===== Data for this exercise
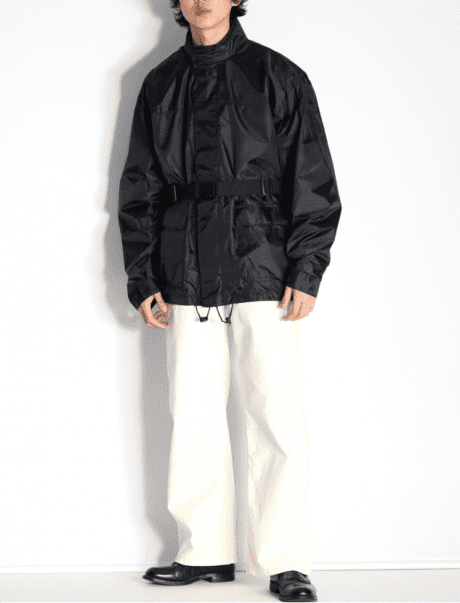 Cool with a tight squeeze. A nylon jacket with a subtle trick.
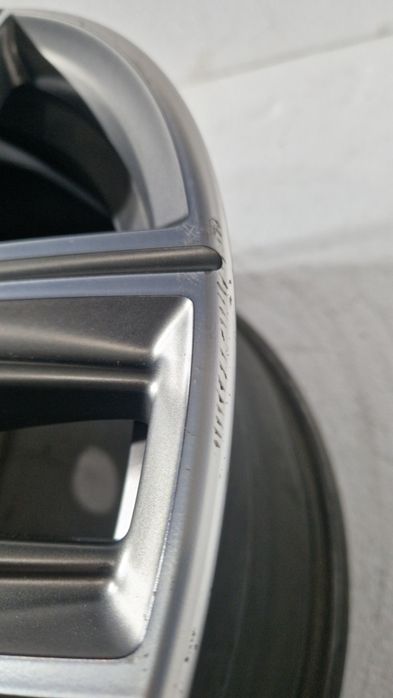 Felga aluminiowa BMW 8.5Jx20"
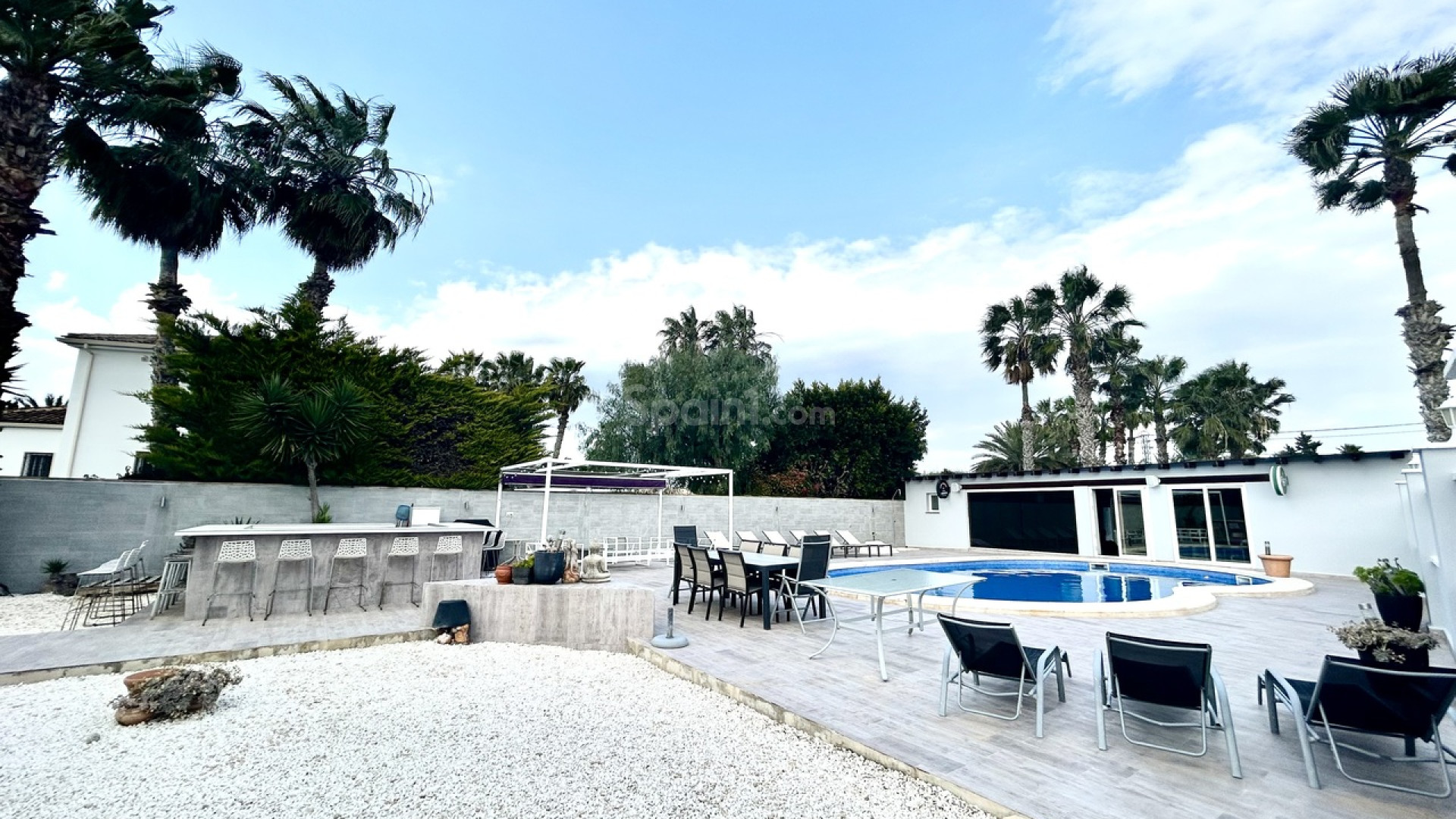 Resale - Villa -
Catral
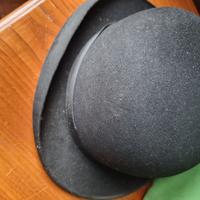 Bombetta e cappelli a cilindro usati.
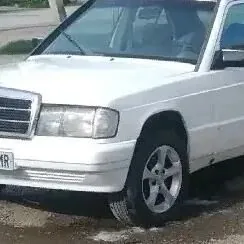 Mercedes-Benz 190E 1990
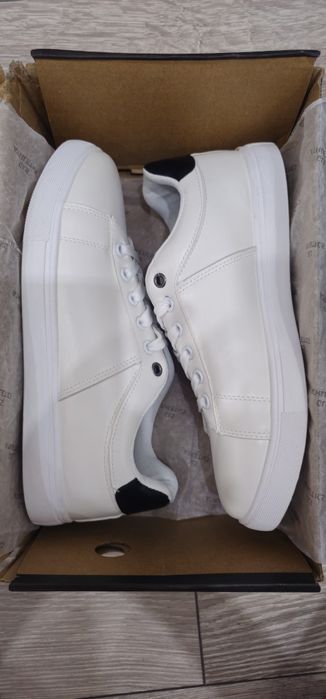 Продам белые кеды!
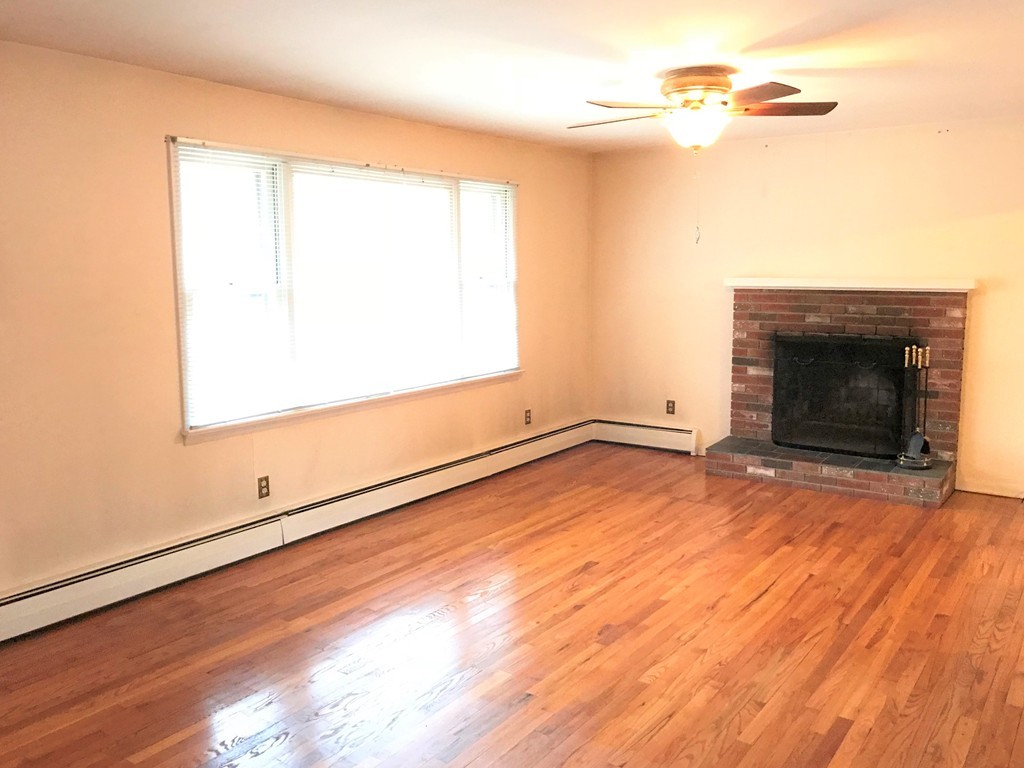 43 Farquhar Road Sturbridge, MA 01566 - Photo 14 of 30 Gallery Image 14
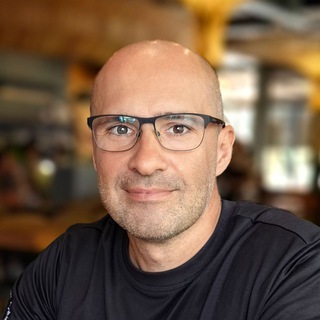 Логотип @skidelart - Мастер нейросетей от Скиделя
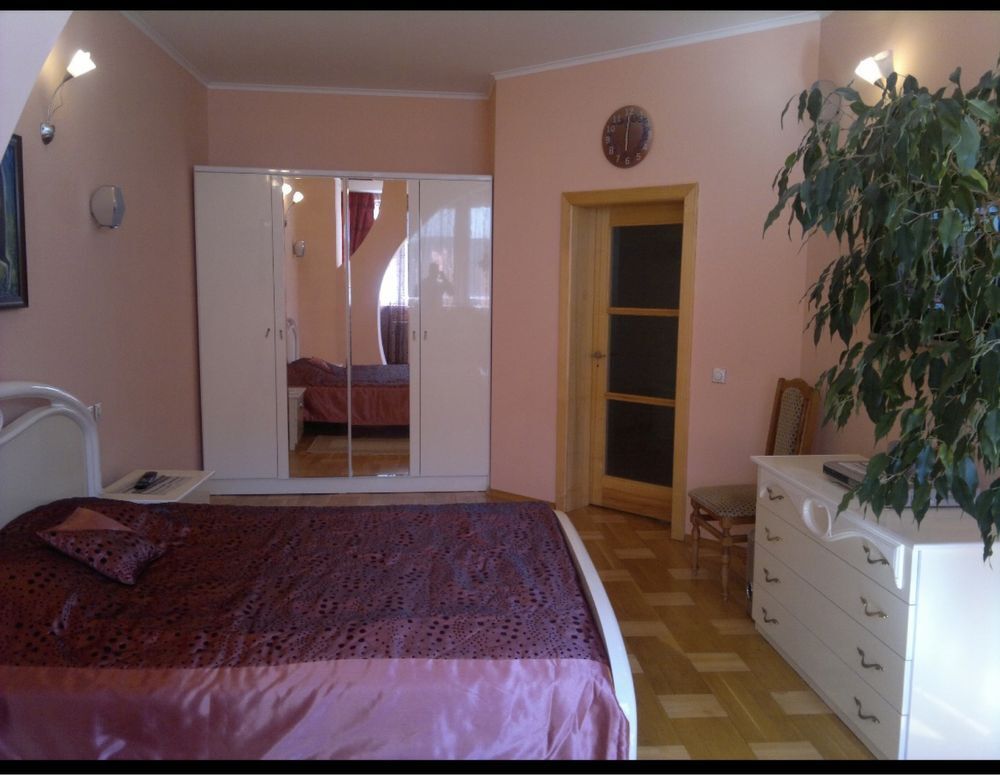 Продаж 3-кімнатної квартири 151 м², Гоголя вул., 20Б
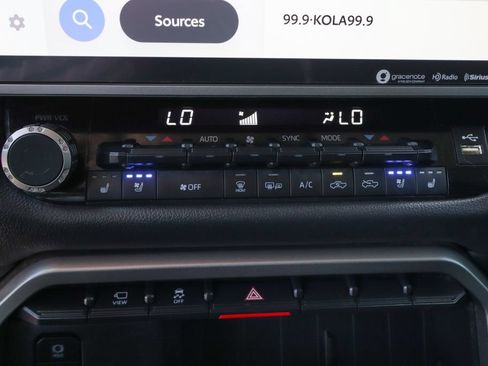 Used 2024 Toyota Tundra Limited AWD/4WD image 35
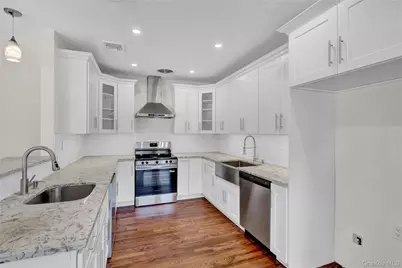 201 Brookside Avenue, Roosevelt, NY 11575 - Photo 7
==========
Exercise: A word-for-word copy of the lines from the one containing "43 Farquhar Road" through the last line of the records is what is wanted, without pictures and without any other line.

Result:
 43 Farquhar Road Sturbridge, MA 01566 - Photo 14 of 30 Gallery Image 14
 Логотип @skidelart - Мастер нейросетей от Скиделя
 Продаж 3-кімнатної квартири 151 м², Гоголя вул., 20Б
 Used 2024 Toyota Tundra Limited AWD/4WD image 35
 201 Brookside Avenue, Roosevelt, NY 11575 - Photo 7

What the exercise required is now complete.